Let’s write functions!
library("europepmc")
find_hits <- function(query_term){
years <- 1975:2016
results <- purrr::map(years, find_hits_by_year, query_term = query_term)
dplyr::bind_rows(results)
}
find_hits_by_year <- function(year, query_term){
queryforall <- paste0('(FIRST_PDATE:[', year, '-01-01+TO+', year, '-12-31])')
all_hits <- as.numeric(epmc_profile(queryforall)$pubType[1, 2])
queryforterm <- paste0('(FIRST_PDATE:[', year, '-01-01+TO+', year, '-12-31]) AND "', query_term, '"')
term_hits <- as.numeric(epmc_profile(queryforterm)$pubType[1, 2])
return(tibble::tibble(year = year, all_hits = all_hits, term_hits = term_hits))
}
Now let’s apply the function to one term. I’ll choose Malaria because it’s the term used in one of europepmc
examples.
malaria_fame <- find_hits("malaria")
library("magrittr")
head(malaria_fame) %>%
knitr::kable()
year | all_hits | term_hits |
---|---|---|
1975 | 252386 | 394 |
1976 | 259044 | 425 |
1977 | 266538 | 432 |
1978 | 279160 | 475 |
1979 | 294491 | 516 |
1980 | 295471 | 443 |
Obviously in a review about malaria research one might have a more precise query, and one might want to compare the number of hits for that query to other precise queries, but in this simple example I’m just comparing the number of hits of one term to the number of all hits, Note that one could also make no graph about number of hits over time, shocking I now! I’ll most certainly won’t do no graph here though, now that I collected the data.
Making nice plots
I’ll do as Lucy in this blog post and use the xkcd
package. As noted by Lucy, its vignette is great. I might have done something wrong but after downloading the file with the xkcd font I had to copy-paste it myself in the fonts folder of Windows. The syntax of the xkcdman is a bit long but following the examples I could get what I wanted.
library("xkcd")
library("ggplot2")
library("extrafont")
xrange <- range(malaria_fame$year)
yrange <- range(malaria_fame$term_hits)
ratioxy <- diff(xrange)/diff(yrange)
mapping <- aes(x=x,
y=y,
scale=scale,
ratioxy=ratioxy,
angleofspine = angleofspine,
anglerighthumerus = anglerighthumerus,
anglelefthumerus = anglelefthumerus,
anglerightradius = anglerightradius,
angleleftradius = angleleftradius,
anglerightleg = anglerightleg,
angleleftleg = angleleftleg,
angleofneck = angleofneck)
dataman <- data.frame(x = 1985, y = 4000,
scale = 1000,
ratioxy = ratioxy,
angleofspine = - pi / 2,
anglerighthumerus = 4*pi/6,
anglelefthumerus = pi/6,
anglerightradius = pi/2,
angleleftradius = pi/2,
angleleftleg = 3*pi/2 + pi / 12 ,
anglerightleg = 3*pi/2 - pi / 12,
angleofneck = 3 * pi / 2 - pi/10)
ggplot(malaria_fame) +
geom_point(aes(year, term_hits)) +
xlab("Time in years") +
ylab("Number of hits for Malaria") +
xkcdaxis(xrange = xrange,
yrange = yrange) +
theme(text = element_text(size = 16, family = "xkcd")) +
xkcdman(mapping,dataman) +
annotate("text", family = "xkcd", x = 1985, y = 4800,
label = "Oops!\n I made an evergreen review graph!", size = 6)

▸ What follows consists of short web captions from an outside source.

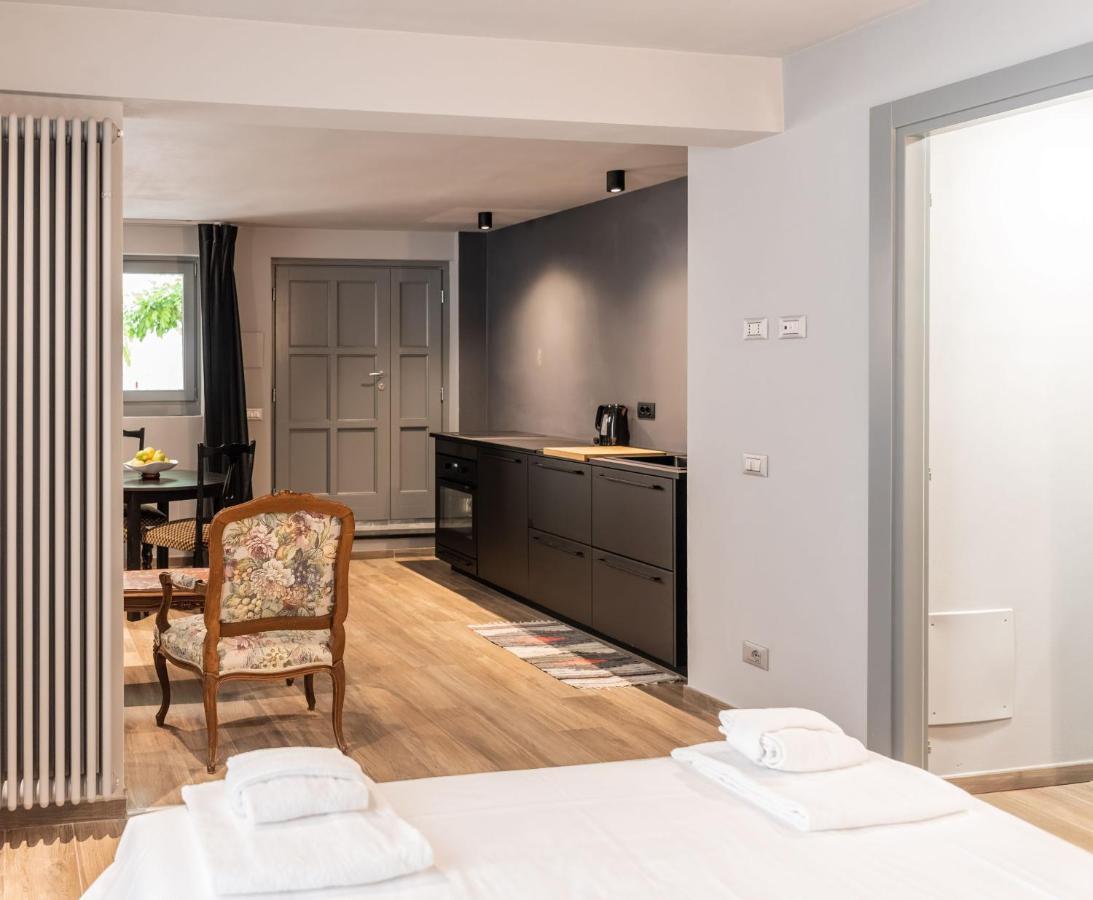 Wisteria Court - Suite 2 - Menaggio Esterno foto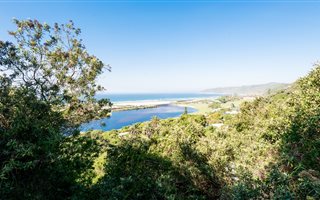 1079 m² Land available in Wilderness Heights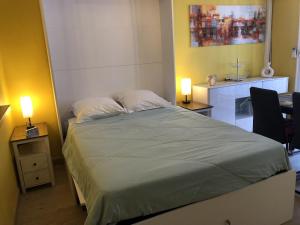 Appartements Studio 25 m2 Le Jasmin centre-ville, parking et balcon : photos des chambres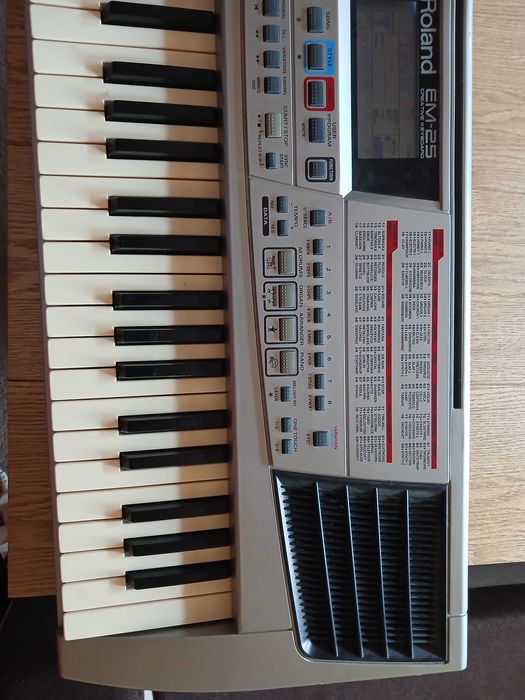Електрическо пиано Roland em-26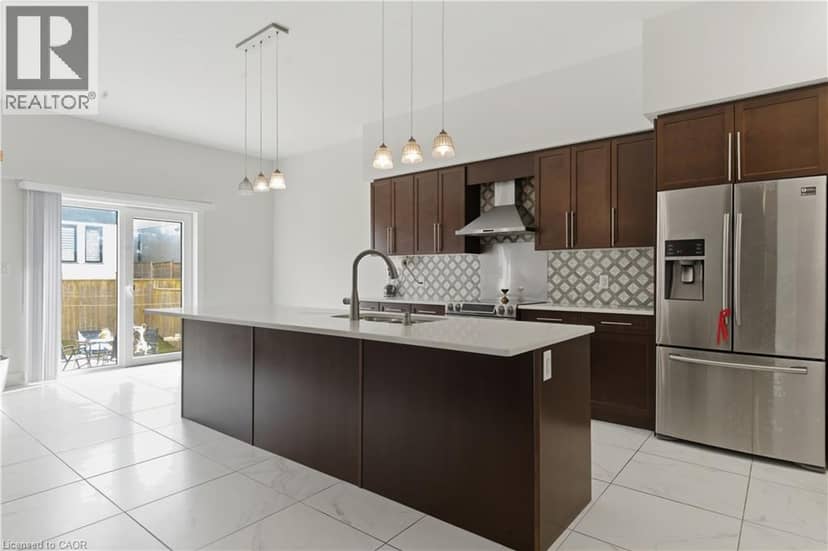2000 MADDEX Way — photo 7 of 40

Ok that one is not really the one I’d advise you to submit to any journal. Let’s do better.
malaria_fame <- dplyr::mutate(malaria_fame,
prop = term_hits/all_hits)
xrange <- range(malaria_fame$year)
yrange <- range(malaria_fame$prop)
ratioxy <- diff(xrange)/diff(yrange)
dataman <- data.frame(x = 1985, y = 0.005,
scale = 0.001,
ratioxy = ratioxy,
angleofspine = - pi / 2,
anglerighthumerus = -pi/6,
anglelefthumerus = pi + pi/6,
anglerightradius = 0,
angleleftradius = 0,
angleleftleg = 3*pi/2 + pi / 12 ,
anglerightleg = 3*pi/2 - pi / 12,
angleofneck = 3 * pi / 2 - pi/10)
ggplot(malaria_fame) +
geom_point(aes(year, prop)) +
xlab("Time in years") +
ylab("No. of hits for Malaria divided by total no. of hits") +
xkcdaxis(xrange = xrange,
yrange = yrange) +
theme(text = element_text(size = 16, family = "xkcd")) +
xkcdman(mapping,dataman) +
annotate("text", family = "xkcd", x = 1985, y = 0.006,
label = "Now that's more interesting!", size = 6)

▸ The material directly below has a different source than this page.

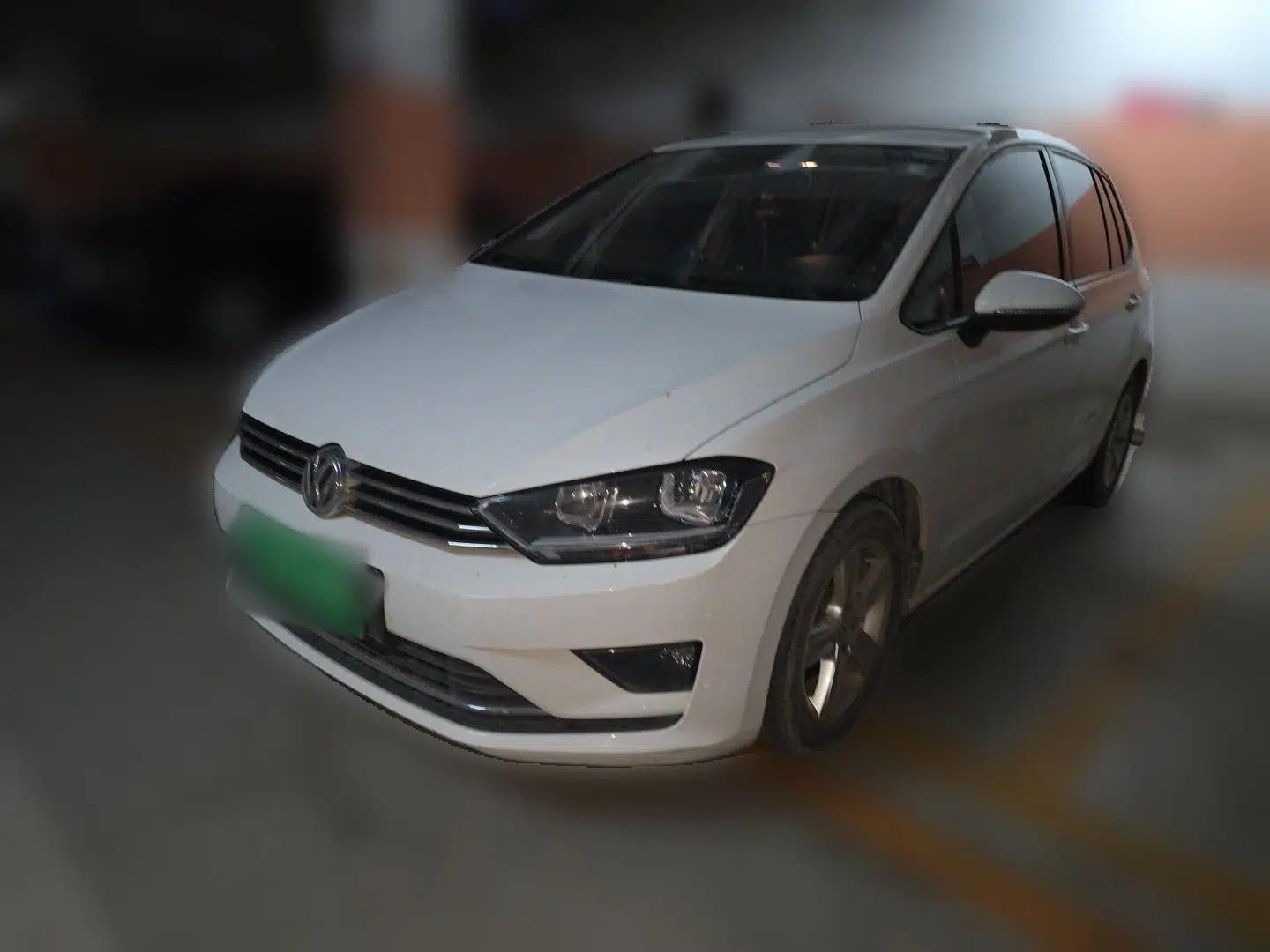 Volkswagen Golf Sportsvan 2016 1.6L Automatic Comfort Model — миниатюра 1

Okay friends so that one is a bit more interesting, and I’m more convinced my its shape. I’d like to know whether there really was a malaria research peak, but only waiting for a few years will bring me the answer! It’d also be interesting to compare the fate of other diseases, and to put that in context with some domain knowledge. But that’d be a subject for another study, now at least you know how to not make an evergreen review graph!